Я за то, чтобы никто никому не навязывал свою точку зрения. Носить чадру или нет - это выбор каждой отдельной женщины. И не надо лишать ее этого выбора, потому что тогда никакой демократии точно не будет. Это вообще не та проблема, которой должно заниматься правительство.

Во многом исламофобия вызвана тем, что Запад не знает, что делать с последствиями своей колониальной политики, вызвавшей волну иммиграции из бедных стран. Люди растеряны, и ксенофобия становится самым эффективным средством защиты. Запад сам с собой не может разобраться, и это не имеет никакого отношения к реальной идентичности мусульман.

В западном сознании ислам сейчас занял место коммунизма: раньше все боялись коммунистов, теперь - мусульман. Предубеждение сформировалось, и оно заставляет мусульман быть еще более традиционными. Да, исламский экстремизм существует, и это страшно, но с ним начинают ассоциировать чуть ли не все мусульманское население. А раз есть стереотип, что каждый мусульманин - потенциальный террорист, то к нему и относятся

соответственно. Было немало случаев, когда мусульман привозили в Европу на заработки, а потом выбрасывали на помойку. Впрочем, в основе таких конфликтов обыкновенные отношения господина и раба - в богатых мусульманских странах происходит то же самое. Шоджа сделал документальный фильм о том, как в Дубае относятся к чернорабочим и строителям из Индии - это что-то чудовищное, абсолютно антигуманное.

То есть в конечном счете все опять упирается в деньги. А деньги сегодня - это по-прежнему нефть, из-за которой 57 лет назад свергли вашего премьер-министра и из-за которой совсем недавно американцы вторглись в Ирак.

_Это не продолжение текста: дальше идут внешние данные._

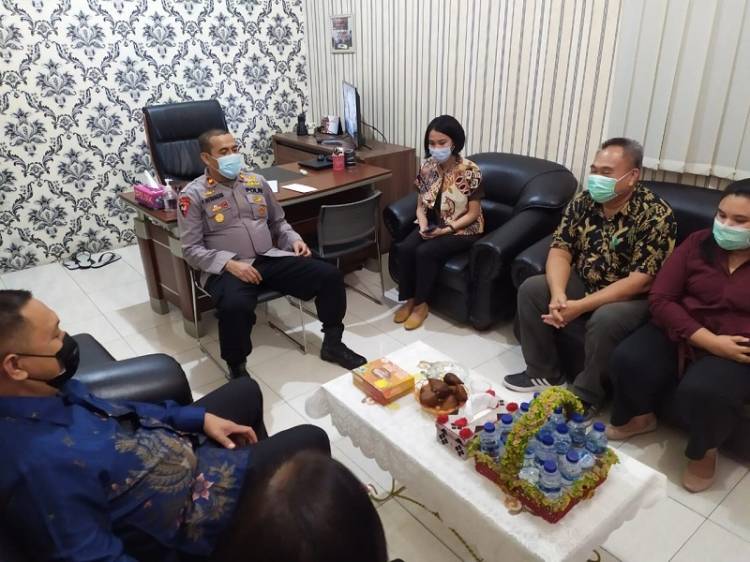 Kapolsek Medan Helvetia Jumat Berkah, Bantu Pembangunan Gereja GPdI Nafiri Allah Martubung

Да, и наша нефть сейчас опять принадлежит правительству, а не людям. Все это упирается в глобализм - вернее, в глобалистскую аристократию, которая навязывает всем одни и те же ценности. Это как люди из Саудовской Аравии, которые занимаются шопингом в Париже и пьют кофе в Белом доме. И весь этот высокий капитализм уже не имеет отношения ни к национальности, ни к вероисповеданию. Я считаю, что главная проблема Ближнего Востока, из которой родились и все остальные его проблемы, - это огромная пропасть между богатыми и бедными, отсутствие диалога между ними. И как следствие - отсутствие среднего класса.